EXERCISE AIM: When you copy the listing, reproduce each line as it appears and omit every image.

DATA BLOCK:
---------------
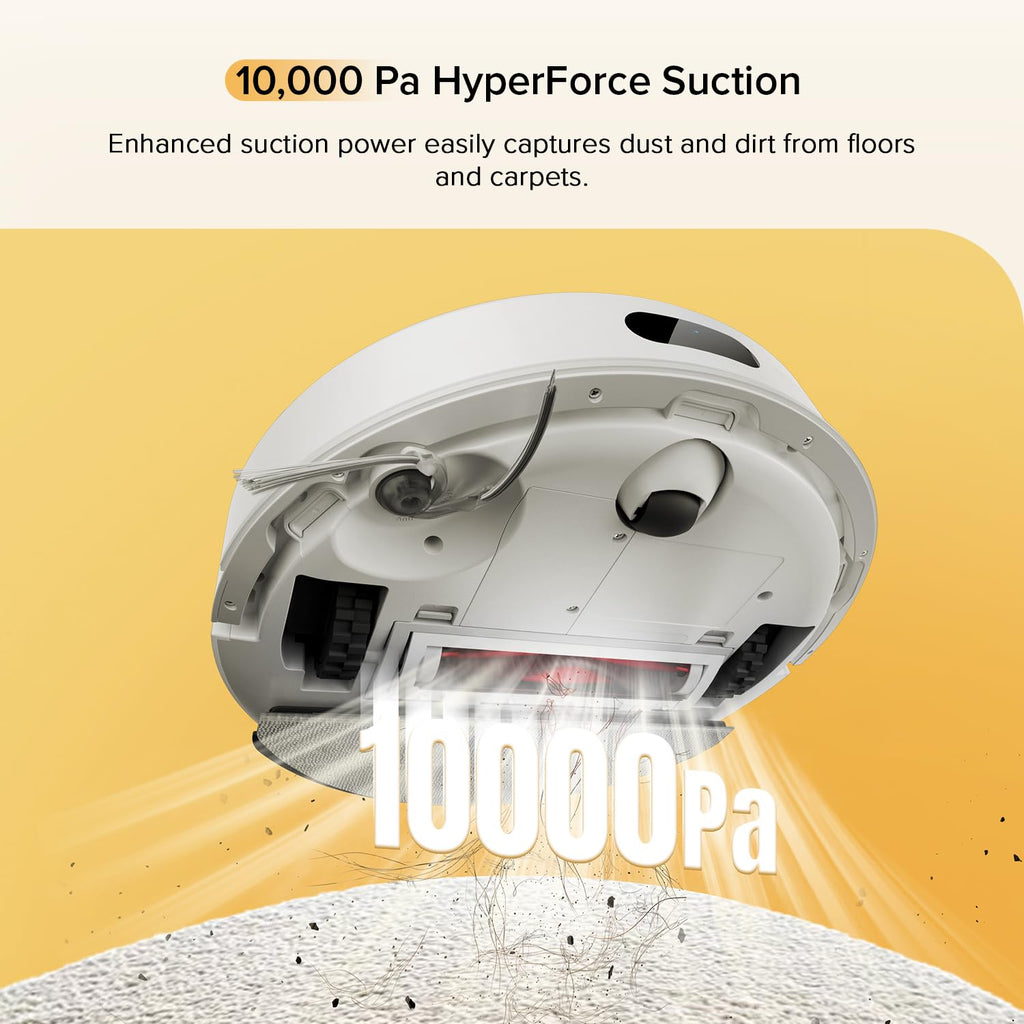 roborock Q7 M5+ Robot Vacuum and Mop, Upgraded from Q5 Max+, 7 Weeks Self-Emptying, 10000Pa Suction, Dual Anti-Tangle System, for Pet Hair & Carpet, PreciSense LiDAR Navigation, App Control, White
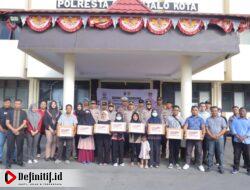 Polresta Gorontalo Kota Gelar Bakti Sosial Rakor Bin SDM “Mengabdi Untuk Negeri”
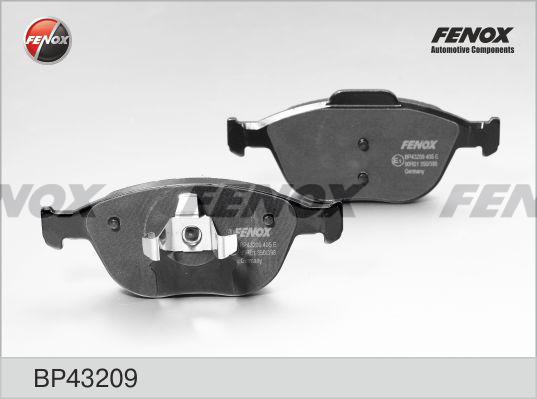 Fenox BP43209 - Kit pastiglie freno, Freno a disco autozon.pro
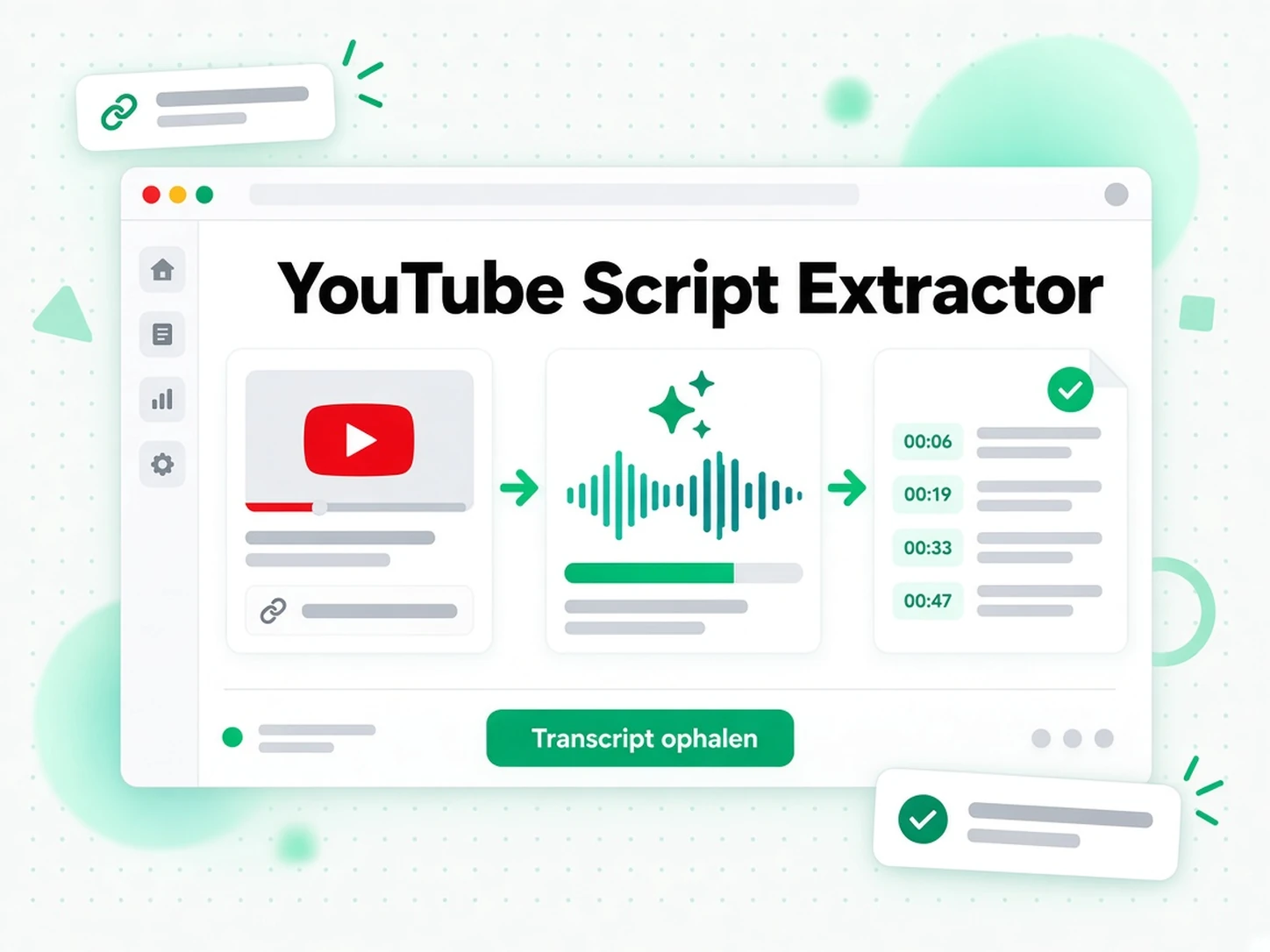 YouTube Script Extractor: Zet een YouTube-link om in een script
---------------
RESULT:
 roborock Q7 M5+ Robot Vacuum and Mop, Upgraded from Q5 Max+, 7 Weeks Self-Emptying, 10000Pa Suction, Dual Anti-Tangle System, for Pet Hair & Carpet, PreciSense LiDAR Navigation, App Control, White
 Polresta Gorontalo Kota Gelar Bakti Sosial Rakor Bin SDM “Mengabdi Untuk Negeri”
 Fenox BP43209 - Kit pastiglie freno, Freno a disco autozon.pro
 YouTube Script Extractor: Zet een YouTube-link om in een script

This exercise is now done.